Historia

This day in Chicano history: Rubén Salazar (1928)

Ruben Salazar, circa 1970

March 3, 1928: Rubén Salazar born in Ciudad Juárez, Chihuahua, México

Four years ago, the US Postal Service issued a stamp commemorating Rubén Salazar and a few other notable journalists. I went to the Lincoln Heights post office with my cousin Nancy and picked up a few of my own. I’ve never used them. Later that day, I wrote a post, A Chicana outlook on Rubén Salazar — heavily cribbed from an older post — where I liberally quoted a friend and fellow blogger, César (El Más Chingón). César wrote about feeling cheated that in his 20s, he was barely learning about Salazar’s life and death. I could definitely relate.

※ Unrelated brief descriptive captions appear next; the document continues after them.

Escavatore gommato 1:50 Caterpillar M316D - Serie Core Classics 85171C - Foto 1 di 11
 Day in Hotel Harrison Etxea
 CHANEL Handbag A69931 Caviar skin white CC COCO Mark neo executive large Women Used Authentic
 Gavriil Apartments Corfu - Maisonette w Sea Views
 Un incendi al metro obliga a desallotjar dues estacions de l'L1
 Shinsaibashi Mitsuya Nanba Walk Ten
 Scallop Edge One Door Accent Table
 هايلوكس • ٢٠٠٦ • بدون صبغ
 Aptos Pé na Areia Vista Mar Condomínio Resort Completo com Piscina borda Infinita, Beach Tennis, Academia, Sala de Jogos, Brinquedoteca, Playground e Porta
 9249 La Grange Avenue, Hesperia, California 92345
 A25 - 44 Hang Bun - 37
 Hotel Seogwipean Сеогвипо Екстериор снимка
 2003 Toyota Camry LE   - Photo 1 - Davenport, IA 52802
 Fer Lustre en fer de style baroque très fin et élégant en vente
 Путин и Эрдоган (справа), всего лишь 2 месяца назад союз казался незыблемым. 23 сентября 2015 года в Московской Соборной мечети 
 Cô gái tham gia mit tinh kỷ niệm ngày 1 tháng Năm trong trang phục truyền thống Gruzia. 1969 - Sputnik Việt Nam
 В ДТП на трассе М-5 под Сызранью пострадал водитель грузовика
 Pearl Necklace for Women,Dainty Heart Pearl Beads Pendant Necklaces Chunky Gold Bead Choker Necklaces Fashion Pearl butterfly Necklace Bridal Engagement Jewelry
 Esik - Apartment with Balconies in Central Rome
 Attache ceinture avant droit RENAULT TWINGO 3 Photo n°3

Salazar’s violent death at the hands of LA County Sheriff’s deputy Thomas Wilson is often remembered. Over forty years after the Chicano Moratorium, there’s still investigation and speculation over what happened that day. Whether it was an accident or assassination is still up for debate depending on who you ask, but what remains clear is that an important Chicano voice was lost on August 29, 1970. [See: Finally, transparency in the Ruben Salazar case and the Ruben Salazar files]

While Salazar’s death is important, we should also remember his life’s work. Rosalío Muñoz points this out in a recent piece commemorating Salazar’s 84th birthday at KCET Departures:

Pioneering Latino journalist Ruben Salazar died at the hands of Los Angeles Sheriff’s as they broke up the August 29, 1970 Chicano Moratorium against the Vietnam War. Today, his story is an inspiration to the Latino community, and to all those seeking social justice.

That’s why we should celebrate his birthday, and not just remember his death. [Source]

Ruben Salazar interviews civilians in Vietnam

If you don’t want to go read those posts about Salazar, here’s what you should know about him:
Salazar was born in Ciudad Juárez and later emigrated with his family to El Paso Texas. He earned his BA at the University of Texas El Paso thanks to the GI Bill. He became an investigative journalist at a time when few Chicanos held such jobs. From Texas, he came to California and worked for a couple of newspapers including the Los Angeles Times. He wrote articles giving a voice to Chicanos working to change the status quo. Although his career was cut short, his legacy and words live on amongst us “Mexican-Americans with a non-Anglo image of [ourselves]” (see: Who is a Chicano? And what is it the Chicanos want?, February 6, 1970).

Photo credits: UCLA Library’s Digital Collection, Changing Times: Los Angeles in Photographs, 1920-1990. Los Angeles Times photographic archive, UCLA Library. Copyright Regents of the University of California, UCLA Library.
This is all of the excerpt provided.